The day it was announced that Donald Trump had triumphed over Hillary Clinton, a lesson went almost unnoticed. In this part of the world.

Somewhere else, somebody might have picked it up but for most of my friends -- expressing themselves on the social media -- this lesson was not really noted. Nobody, at least from the people I know, made a comment on it.

All that people were being bothered with was how much a Nigerian televangelist lied in his prediction, how much they had been right all along that Trump would pull a surprise, how much the world was slowly growing cold.

Yet for people like me who like the media, I decided to observe something: the shifting trends in the power and influence of the media.

It is undeniable that Trump was a least favourite of the traditional media. Apparently, while his contender got a ringing 200 endorsements from the traditional media, Trump had only gotten 20 from not-so-influential media.

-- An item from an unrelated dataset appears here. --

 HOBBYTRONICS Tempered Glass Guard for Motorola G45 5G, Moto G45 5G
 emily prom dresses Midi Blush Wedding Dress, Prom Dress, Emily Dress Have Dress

It would have had been a last nail on Trump's political coffin. Yet as we all know, it never was.

It is a situation that should prompt those who like the media, like me, to ask why.

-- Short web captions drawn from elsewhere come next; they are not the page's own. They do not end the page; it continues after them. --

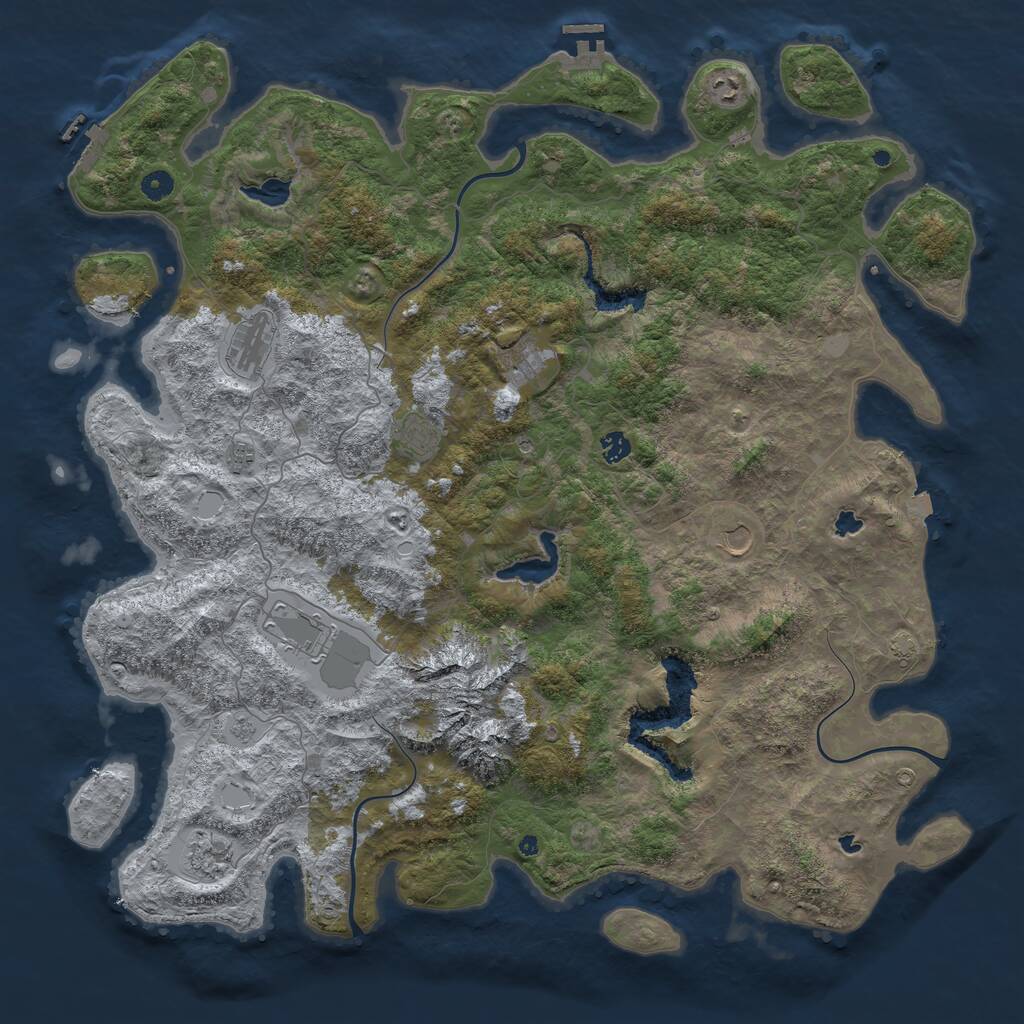 Rust Map: Procedural Map, Size: 5000, Seed: 41517710, 15 Monuments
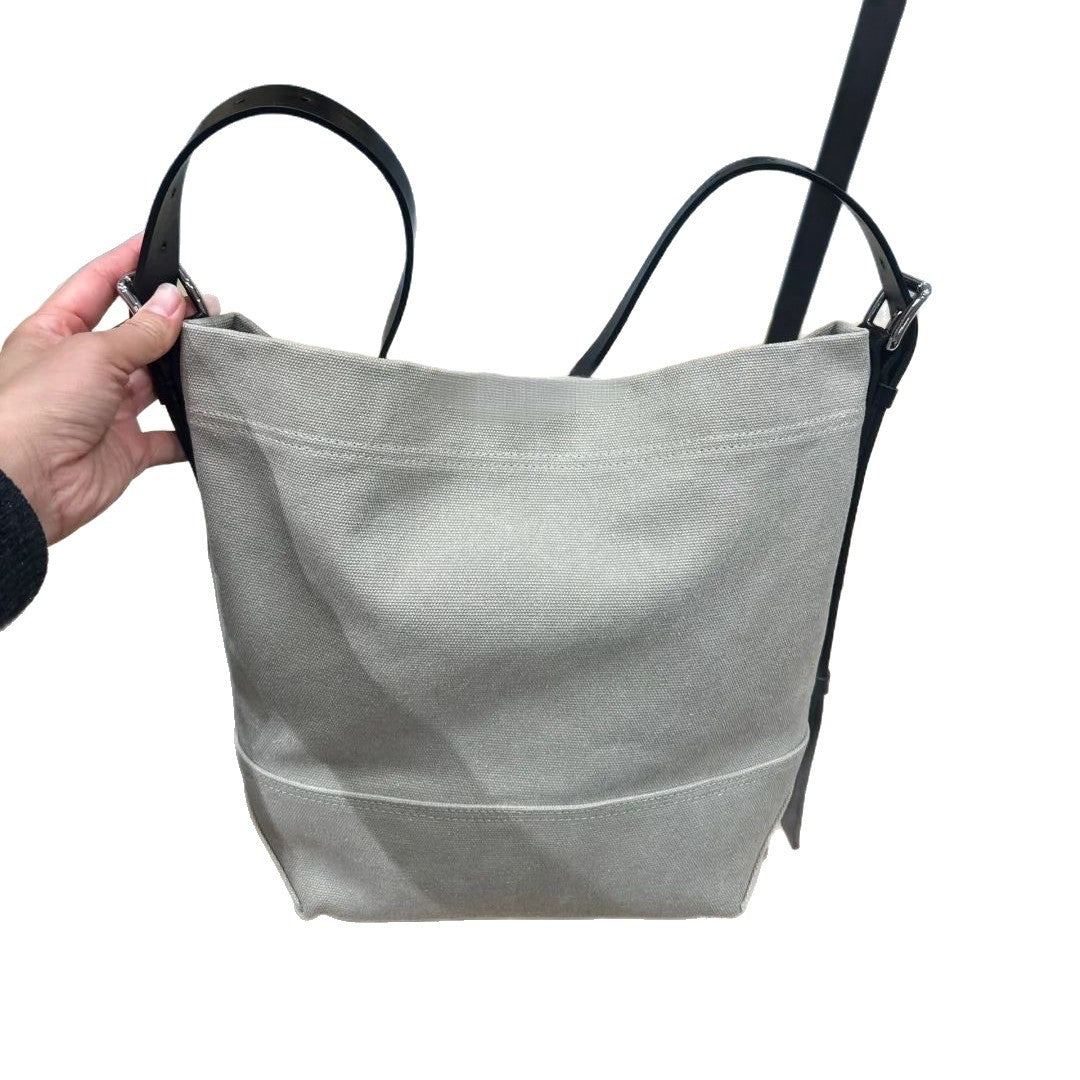 Women's & Men's Large Capacity Canvas Distressed Fabric For Hobo Women's Shoulder Bag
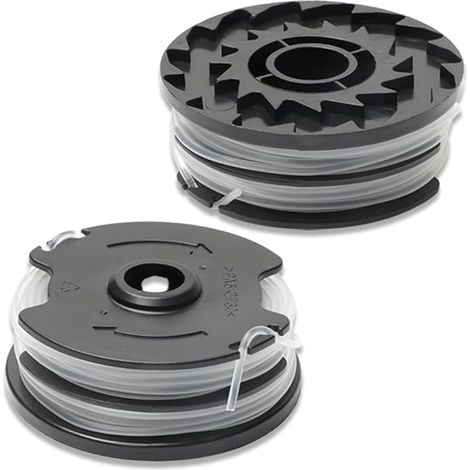 2 Bobine de fil de Rechange Compatible avec Parkside PRTA 20-Li A1/B2/C3 PRT 300 A1 PRT 550 A1/A3,Bobines de fil pour Coupe-bordure(8,2m x Φ1.65mm) (1/5)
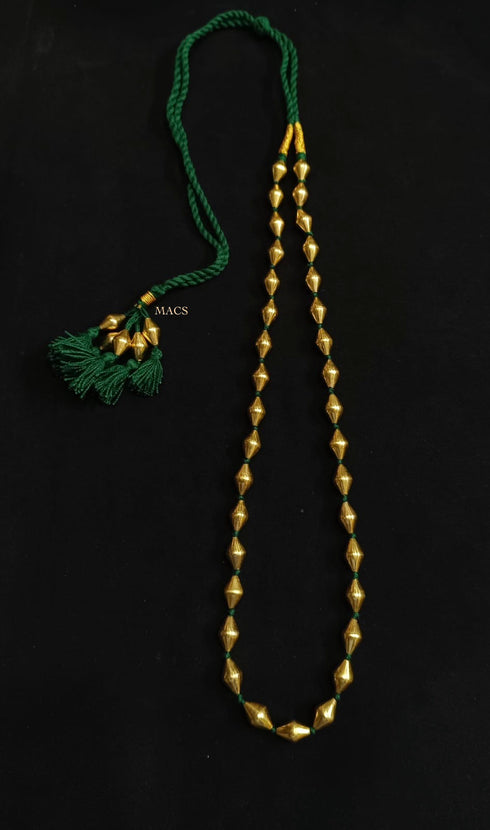 Single Line Gold Dholki Necklace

The answer eventually is not far: social media.

Trump did not only build his campaign on controversy, he also built it on the Social Media.

One day, in my sojourns on the cyberspace, I decided to visit the Facebook pages of the two rival candidates. I started with the number of people who liked the pages. While Trump's numbers were soaring on the social media, Hillary's were abysmal -- only relaxing in the comfort of being better than Trump's media endorsements.

It was not really an anomaly. Trump's Facebook page looked lively, Hillary's...well...not really dead...but not inspiring either. There was engagement on Trump's page, active and brutal engagement. There was a kind of civil nuanced engagement on the one for Hillary.

On Trump's page, you would not comment negatively and get away with it. On Hillary's, the first comments that welcomed you -- floating above all the others owing to their being liked by a majority -- were crucifying Hillary. And this was not about censorship on Trump's page. It was about having a people who believed in his course and knew how to make use of the modern space for engagement: the social media.

Trump himself was the god of Twitter, fueling jokes that were he to win -- which most of the jokers really felt was impossible -- he would be throwing orders and leading from Twitter. And there was hardly a dull moment in his Tweets. It was either controversy or...another controversy. But never dull. He must have known that controversy sells. It sold for him.

It is interesting really, if one looks at it closely. How the social media has started giving power to people and eventually relegating the traditional media to a footnote of relevance.